Therefore, the technical problem to be solved by the present invention is to overcome the defect in the prior art that the active components on the surface layer of the monolithic catalyst are more likely to fall off, thereby providing an monolithic catalyst and a preparation method thereof.

To this end, the present invention provides the following technical solutions.

In a first aspect, the present invention provides an integral catalyst, which includes a catalytic part and a supporting part. The catalytic part is disposed on the surface of the supporting part, and the catalytic part and the supporting part are provided with an overlapping area. The overlapping area refers to an area where the laser additive manufacturing process of the catalytic part and the laser additive manufacturing process of the supporting part are repeated.

Further, the catalytic part and the supporting part are both prepared through a laser additive manufacturing process.
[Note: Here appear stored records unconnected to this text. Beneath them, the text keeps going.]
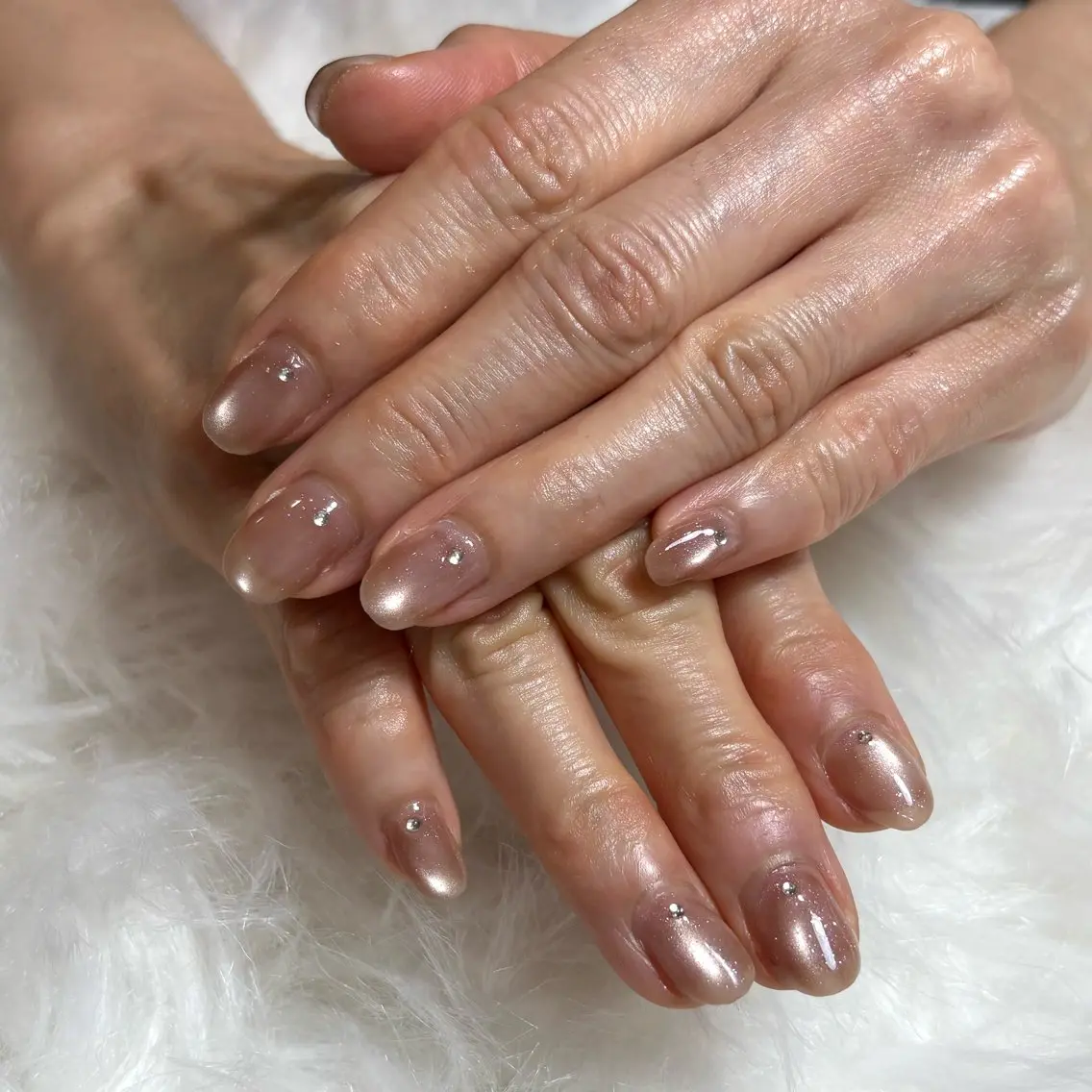 ネイル ハンドネイル WHITE NAIL 鳳店AYUMIのネイルデザイン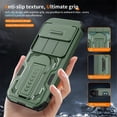 thumbnail image 3 of Rugged Phone Case for Google Pixel 11 / 11 Pro, Military Grade Shockproof Cover with Sliding Camera Lens Protector, 2-Way Kickstand, Anti-Slip, Heavy Duty Full-Body Drop Protection ﻿,Green, 3 of 8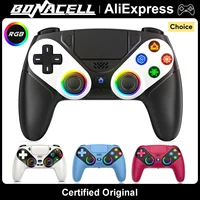 Controlador para Playtion5/PS5 Pro/Slim/PC Gamepads inalámbrico con efecto Hall RGB Turbo vibración botón programable Joystick de juego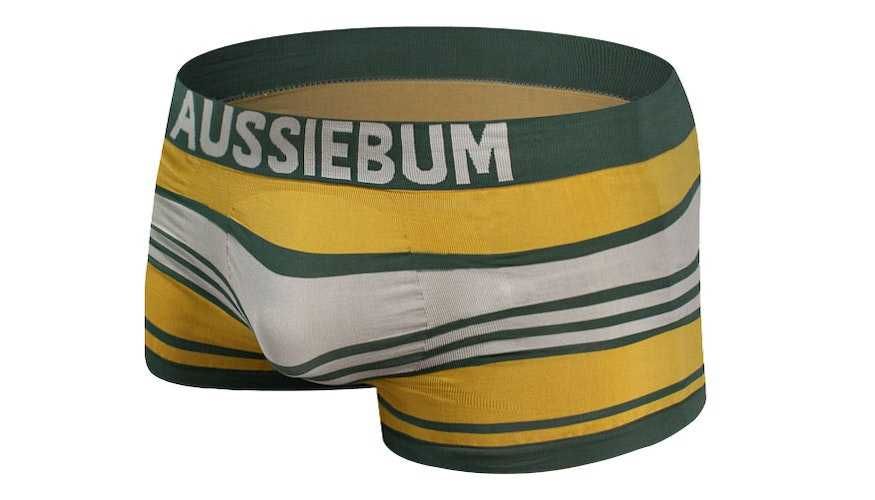 Oryginalne bokserki AussieBum szaro żółte r.L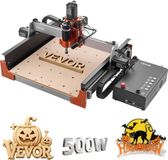 VEVOR CNC-Freesmachine 500W Spindel 3-Assige Graveermachine 400x400x95 mm Hout Acryl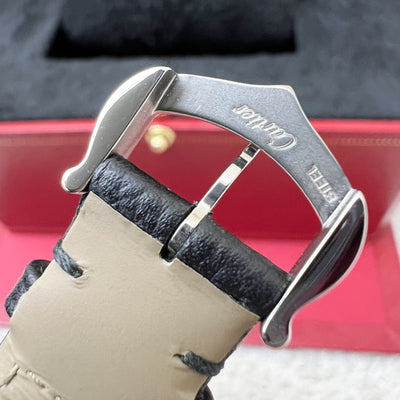 Cartier Tank Must Watch Small Model Quartz, Black Leather Strap, Quartz Movement (WSTA0042)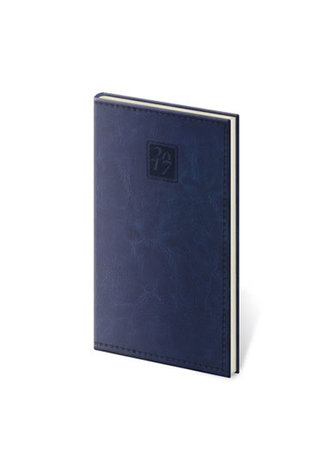 Diář 2017 - Nebrasca/týdenní kapesní modrá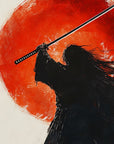 Samurai Wallpaper - Silhouette and Red Sun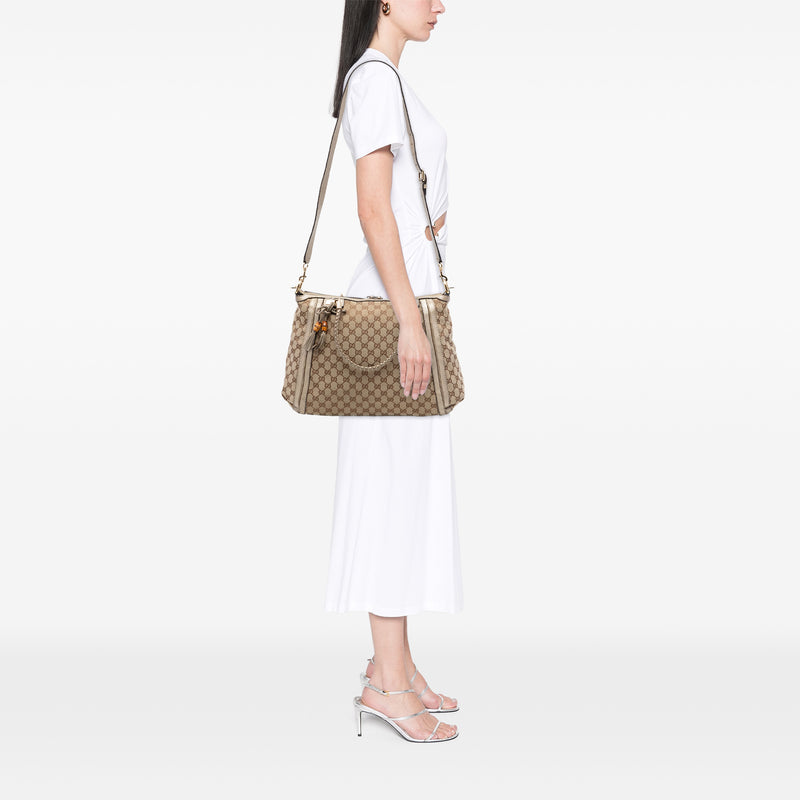 GG Canvas Bella Convertible Tote - Image 7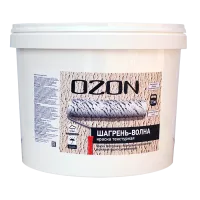 Краска декоративная текстурная OZON Шагрень-волна ВД-АК 271СМ-7,5 С (бесцветная) 4,5л морозостойкая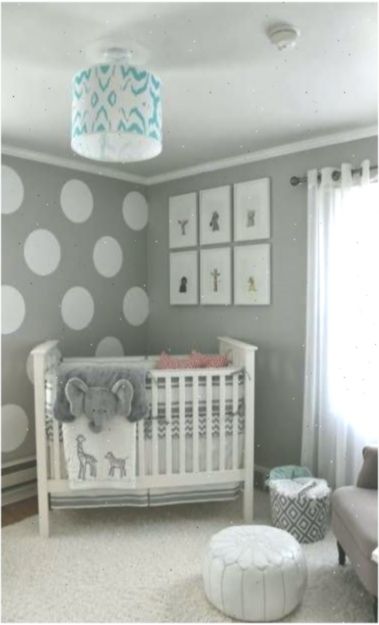 temas para quarto de bebê elefante cinza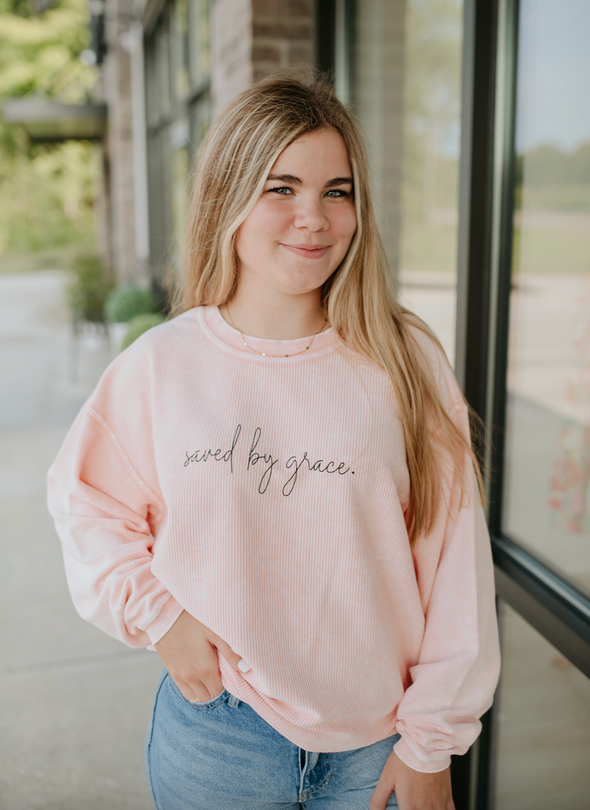 saved by grace vintage pullover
Further, the thickness of the overlapping area is ≤ 20% of the cross-sectional diameter of the pillars of the support unit structure. The thickness of the overlapping area can be designed as needed. In order to ensure the strength of the supporting structure, the overlapping amount should not be higher than 20% of the cross-sectional diameter of the pillars of the supporting unit structure.

Further, the support part is formed by an array of support unit structures, and the support unit structure is a porous structure, preferably a lattice structure or a topology optimized structure.

Further, the catalytic part is coated on the surface of the supporting part, or

The catalytic part forms fins on the surface of the supporting part.

Further, the catalytic part is formed by an array of catalytic unit structures.

Furthermore, the catalytic unit structure and the supporting unit structure are arrayed in the same manner.

Further, the lattice structure is one of a body-centered cubic lattice structure, a face-centered cubic lattice structure, a tetrahedral lattice structure, a diamond-shaped lattice structure, and an arched truss lattice structure;

Optionally, the cross-sectional outer contour of the lattice structure pillars is polygonal or streamlined;

Optionally, the polygon is a square or a triangle;

Optionally, the streamline shape is circular.

Further, the catalytic part material includes at least one of nickel, copper, cobalt, iron, titanium, vanadium, cerium or zirconium;

and / or,

The support portion material includes at least one of nickel, copper, cobalt, iron, titanium, vanadium, cerium or zirconium.

The porosity of the catalytic part > the porosity of the supporting part _.

Furthermore, fins can be provided on the surface of the catalytic part to further increase the specific surface area of the catalyst.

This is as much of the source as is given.